Le parole pronunciate da papa Francesco nell’allocuzione natalizia del 22 dicembre sono poi definite un’esortazione spirituale a un esame di coscienza per tutta la chiesa, che indica, come bussola d’orientamento per un’azione di rinnovamento, non tanto la disponibilità di beni ed energie materiali, quanto la forza dell’amore con cui la chiesa si pone al servizio degli uomini.
A questo proposito il card Müller pone in rilievo come l’esigenza di porre mano a una riforma della curia sia stata avvertita già prima dell’elezione di papa Francesco, ma tiene anche a sottolineare come la stessa curia non sia una semplice struttura amministrativa, ma “un’istituzione spirituale radicata nella missione specifica della chiesa di Roma, santificata dal martirio degli apostoli Pietro e Paolo”. Nel formulare tale affermazione il prefetto della Sacra congregazione per la dottrina della fede ricorda inoltre come il ruolo della curia sia stato autorevolmente riconosciuto dal Concilio nel Decreto sulla missione pastorale dei vescovi nella chiesa Christus dominus:

«Nell'esercizio della sua suprema, piena e immediata potestà sopra tutta la Chiesa, il romano Pontefice si avvale dei dicasteri della curia romana, che perciò compiono il loro lavoro nel suo nome e nella sua autorità, a vantaggio delle Chiese e al servizio dei sacri pastori» (Concilio ecumenico Vaticano 2°, Decreto Christus dominus, 9).

Di conseguenza la curia, nella sua struttura organizzativa e nel suo funzionamento, si trova in relazione strettissima con la missione del vescovo di Roma che, quale successore di Pietro, costituisce – come insegna la Costituzione dogmatica Lumen gentium – il «perpetuo e visibile principio e fondamento dell’unità sia dei vescovi sia della moltitudine dei fedeli» (Concilio ecumenico Vaticano 2°, Costituzione dogmatica Lumen gentium, 23).
E di questo carattere della missione di Pietro, la curia romana è pienamente partecipe.

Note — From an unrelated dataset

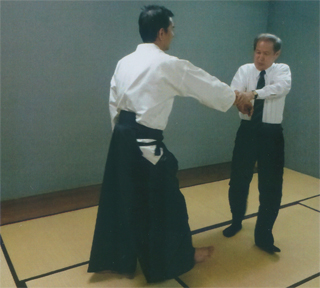 すぐ崩され、投げ捨てられました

Di qui la deduzione di carattere ecclesiologico, che il card. Müller dichiara comprensibile solo alla luce della fede, che segna la distinzione tra la chiesa e altre comunità religiose d’indole meramente umana. Solo la piena comprensione nella fede del valore della potestà sacramentale e di mediazione della salvezza che informa il ministero papale ed episcopale può chiarire la distinzione tra i pastori della chiesa e le varie forme di autorità che altre comunità religiose si danno per ragioni sociologiche e organizzative.
È infatti nella visione della fede cristiana, propria della chiesa cattolica, che il ministero episcopale trae la propria linfa vitale da una specifica azione dello Spirito. Il vescovo allora non può essere inteso in sede locale quale un delegato o un semplice rappresentante del papa, ma è autentico vicario e legato di Gesù Cristo stesso e, per la chiesa a lui affidata, la sua persona è principio e fondamento di unità. A questo fondamento nell’azione dello Spirito, il card. Müller àncora la dottrina unitaria del primato papale e della collegialità episcopale, che esprime una sollecitudine comune e complessiva per l’intera chiesa, nella sua dimensione di communio ecclesiarum. Da questa specifica dimensione comunionale deriva la sostanziale differenza tra la natura del rapporto sussistente tra la chiesa universale e le chiese particolari e quella che caratterizza le relazione tra i livelli centrali e quelli decentrati delle organizzazioni profane.
Tra la chiesa universale e le chiese locali sussiste un legame profondo, reale e interiore che le rende una sola chiesa, pienamente parte del corpo di Cristo, sotto la guida dei vescovi cum Petro et sub Petro. Di conseguenza la chiesa universale non è la semplice somma delle chiese particolari, così come le chiese particolari non sono mere succursali della chiesa universale.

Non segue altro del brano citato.